The Swan 46 Mk III, also called the Swan 461 and the Swan 46-3, is a Finnish sailboat that was designed by Germán Frers as a cruiser and first built in 2004.

The design was originally marketed by the manufacturer as the Swan 46, but is now usually referred to as the Swan 46 Mark III to differentiate it from the unrelated Swan 46 Mk I and Swan 46 Mk II designs.

==Production==
The design was built by Oy Nautor AB in Finland, from 2004 to 2007 with 25 boats completed, but it is now out of production.

==Design==
The Swan 46 Mk III is a recreational keelboat, built predominantly of glassfibre, with wood trim. It has a masthead sloop rig, two sets of swept spreaders and aluminium spars, with carbon fibre spars optional. The hull has a slightly raked stem, a reverse transom, an internally mounted spade-type rudder controlled by dual wheels and a fixed fin keel with a weighted bulb or optional glassfibre, hydraulic daggerboard keel and twin rudders. It displaces 32408 lb empty and carries 12125 lb of ballast.

The keel-equipped version of the boat has a draft of 7.22 ft, while the daggerboard-equipped version has a draft of 10.83 ft with the daggerboard extended and 3.97 ft with it retracted, allowing operation in shallow water.

The boat is fitted with a Swedish Volvo Penta diesel engine of 53 or 72 hp for docking and manoeuvring. The fuel tank holds 92 u.s.gal and the fresh water tank has a capacity of 119 u.s.gal.

The design has sleeping accommodation for six people, with an angled double berth in the bow cabin, an L-shaped settee and a straight settee in the main cabin and two aft cabins, each with a double berth. The galley is located on the starboard side just forward of the companionway ladder. The galley is L-shaped and is equipped with a three-burner stove, an ice box and a double sink. There are two heads, one just forward of the bow cabin in the forepeak and one on the port side, aft.

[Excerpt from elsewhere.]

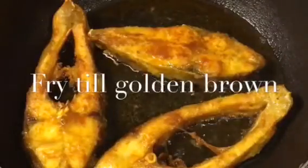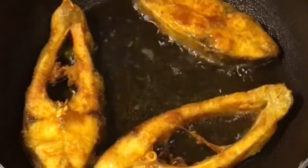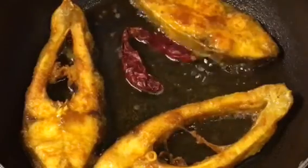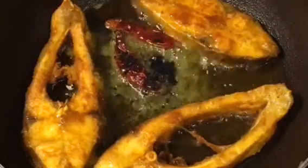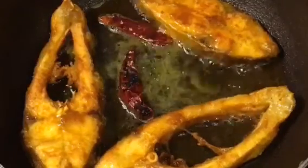The fish has been nicely fried. Now put two red dried chilies or sukhi lal mirchi and kalonji, that means kalo jeera — also called nigella seeds. Let them crackle, then add the paste into it.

For sailing downwind the design may be equipped with a symmetrical spinnaker of 1959 sqft.

The design has a hull speed of 8.43 kn and a PHRF handicap of 54 with the daggerboard..

==Operational history==
A 2003 boats.com preview of the design noted, "the Swan 461 represents a key milestone for Nautor, taking the entry-level position in the new and improved 'cruising line'. Historically, models of this size have formed the biggest part of Nautor's core business, with success stories such as the Swan 40 and Swan 44 characterising the beautiful lines that have become synonymous with all Swans on the water today."

In a 2006 review for Sailing World, Tom Bessinger wrote, "it's obvious this latest Swan isn't a flat-out racer, in fact, it's downright luxurious. But for those who walk both sides of the cruiser/racer divide, it's a boat that will satisfy both needs with aplomb. Whether it be a doublehanded race to Bermuda, or simply a friendly race to the best mooring after a day of cruising, the Swan 46 will get you there with style and speed."

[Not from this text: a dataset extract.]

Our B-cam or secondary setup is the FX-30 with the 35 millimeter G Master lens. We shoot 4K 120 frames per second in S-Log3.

In a 2006 review, Bluewater Sailing concluded, "in a time when many boats try to be everything to everyone, Swan must be commended for not conceding to compromise. The Swan 46 is a high performance cruiser that will be easily managed by a couple offshore and is simple enough for impromptu afternoon sails. It is the perfect boat for a couple looking to trade in their racing campaigns for a cruiser that is going to give them just as much of a thrill when the wind kicks up."

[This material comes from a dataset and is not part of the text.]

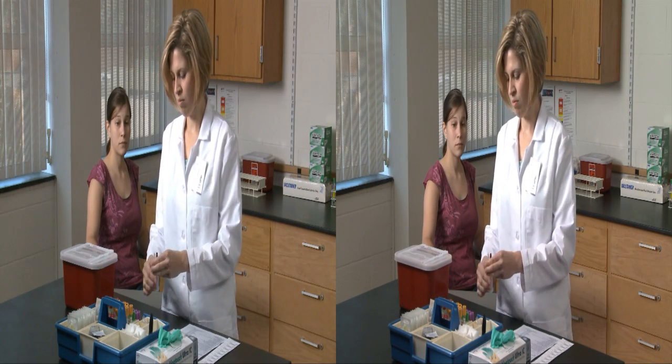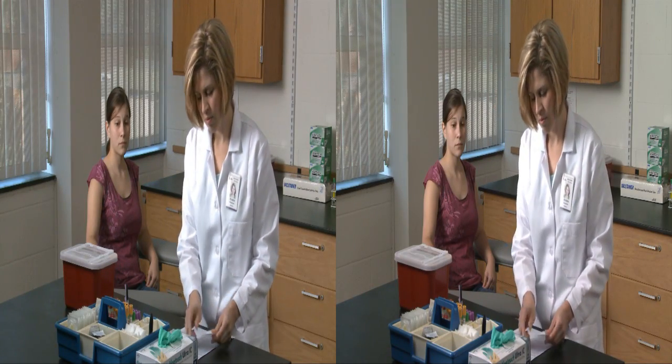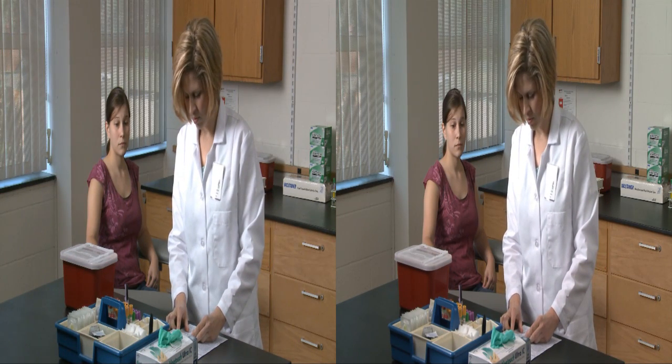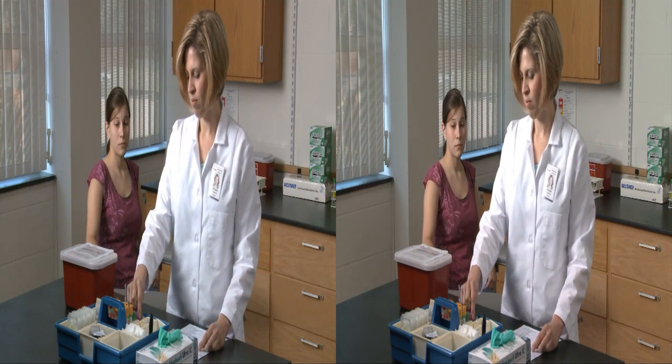The first step is to accurately ID the patient using at least two forms of identification. Does the name and date of birth on the requisition form match what the patient is telling you? Does it match what is on the patient ID wristband? Has the patient followed special orders, such as fasting prior to blood draw?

In a 2007 review, Barry Pickthall wrote in Yachting, "we had the opportunity to sail the Swan 46 in a spanking 25-knot breeze. She was responsive and fast on a broad reach, topping 11 knots at times. Going upwind, we took in a reef using Nautor's single-reef line system and took in a few rolls on the genoa using the push-button winch controls. She remained remarkably light on the helm. She was also stable without any slamming; best of all, we didn't get a speck of spray in the cockpit despite the short sharp chop."